━━━━━ Entries supplied
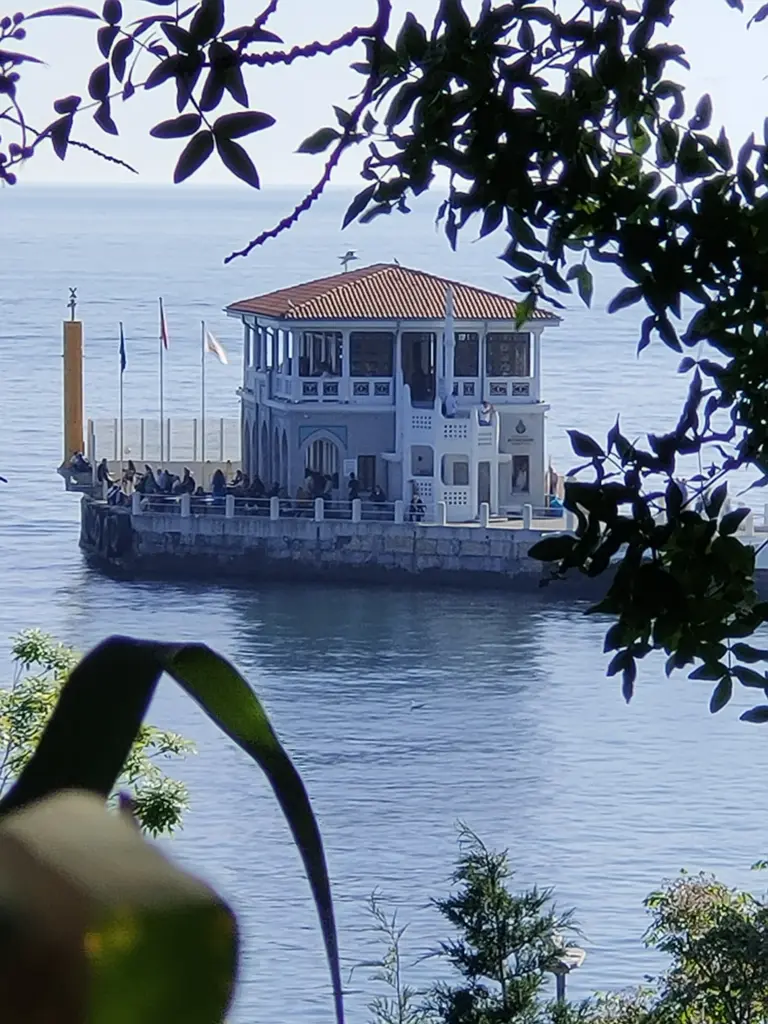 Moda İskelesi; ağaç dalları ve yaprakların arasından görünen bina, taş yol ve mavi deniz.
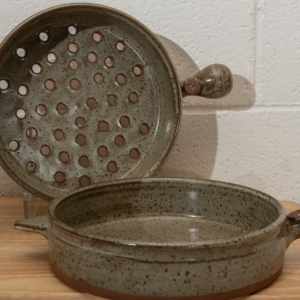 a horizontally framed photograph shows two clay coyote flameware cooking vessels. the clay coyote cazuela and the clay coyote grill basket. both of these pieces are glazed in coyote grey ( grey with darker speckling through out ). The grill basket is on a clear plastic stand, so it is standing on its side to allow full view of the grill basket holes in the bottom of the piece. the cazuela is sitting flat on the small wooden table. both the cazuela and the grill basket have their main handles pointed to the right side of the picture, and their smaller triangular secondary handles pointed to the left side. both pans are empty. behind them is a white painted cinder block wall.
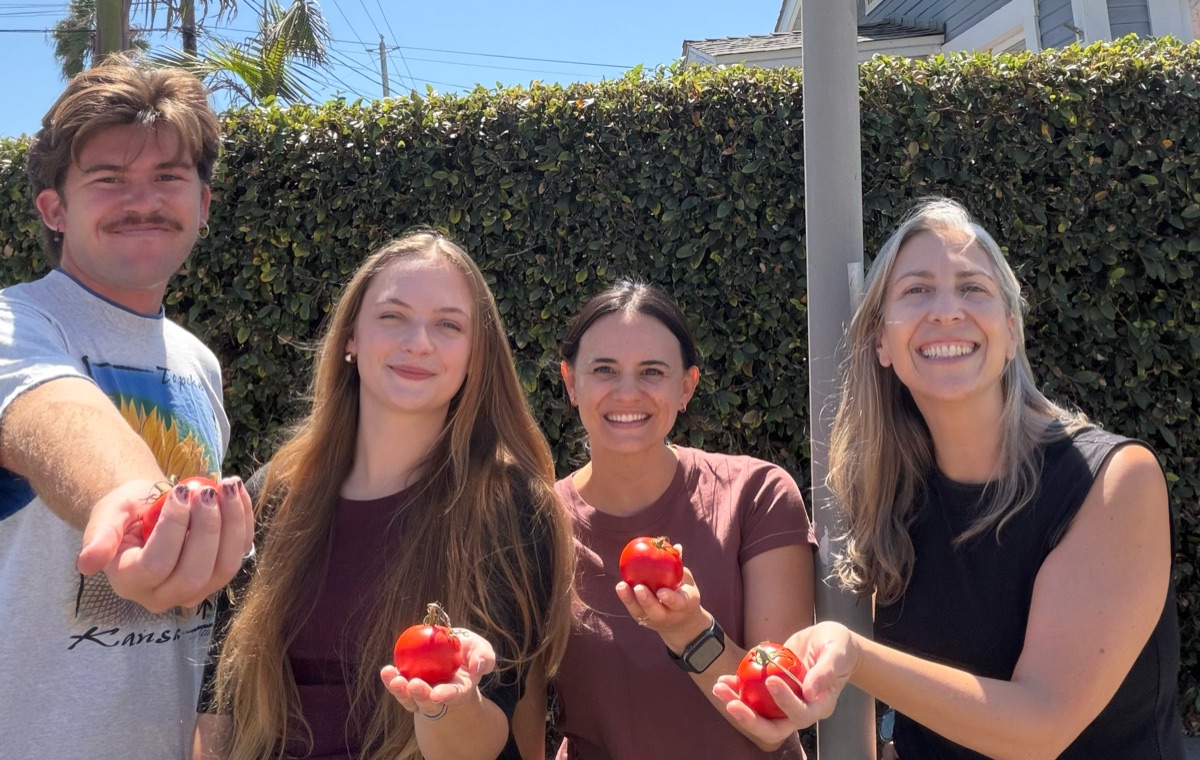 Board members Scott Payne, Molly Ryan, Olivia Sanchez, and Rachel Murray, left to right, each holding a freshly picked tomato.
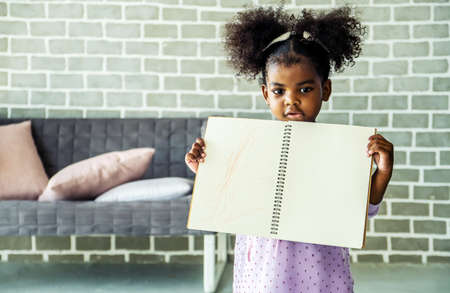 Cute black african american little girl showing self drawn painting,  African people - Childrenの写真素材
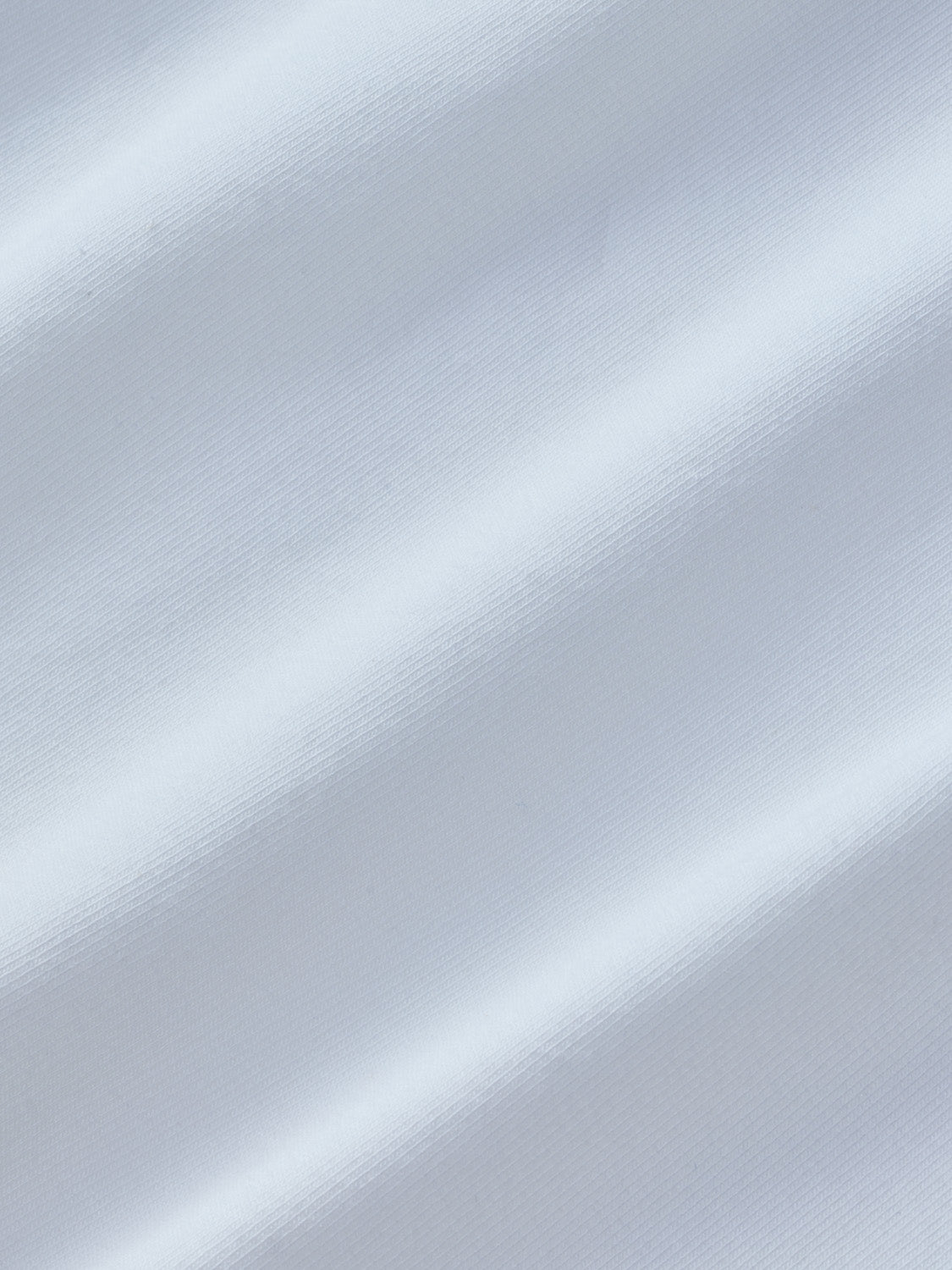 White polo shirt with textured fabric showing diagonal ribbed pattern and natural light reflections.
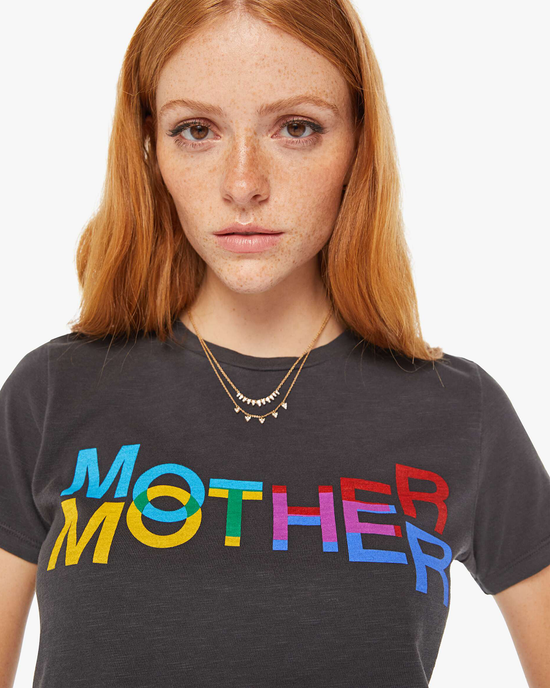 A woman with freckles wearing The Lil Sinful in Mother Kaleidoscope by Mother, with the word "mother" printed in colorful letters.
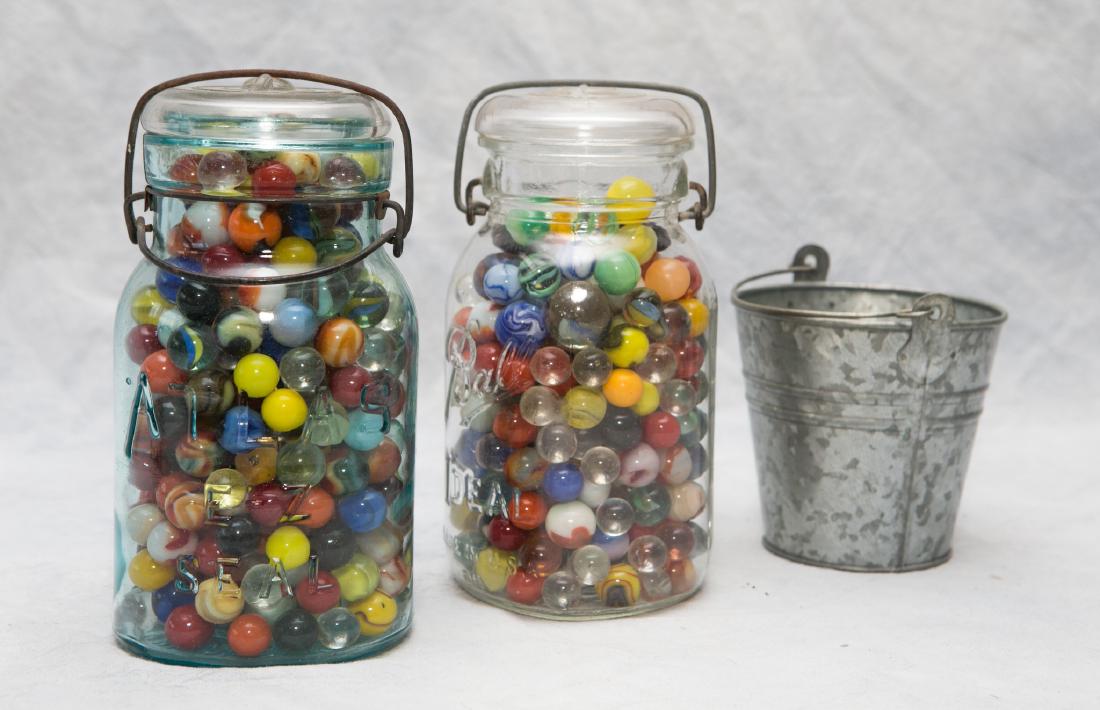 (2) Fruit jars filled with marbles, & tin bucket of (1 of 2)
━━━━━━━━━━
Work order:
From the line containing "White polo shirt" to the last line of the entries, copy every line exactly, including both ends, and leave out the pictures.

Written solution:
 White polo shirt with textured fabric showing diagonal ribbed pattern and natural light reflections.
 A woman with freckles wearing The Lil Sinful in Mother Kaleidoscope by Mother, with the word "mother" printed in colorful letters.
 (2) Fruit jars filled with marbles, & tin bucket of (1 of 2)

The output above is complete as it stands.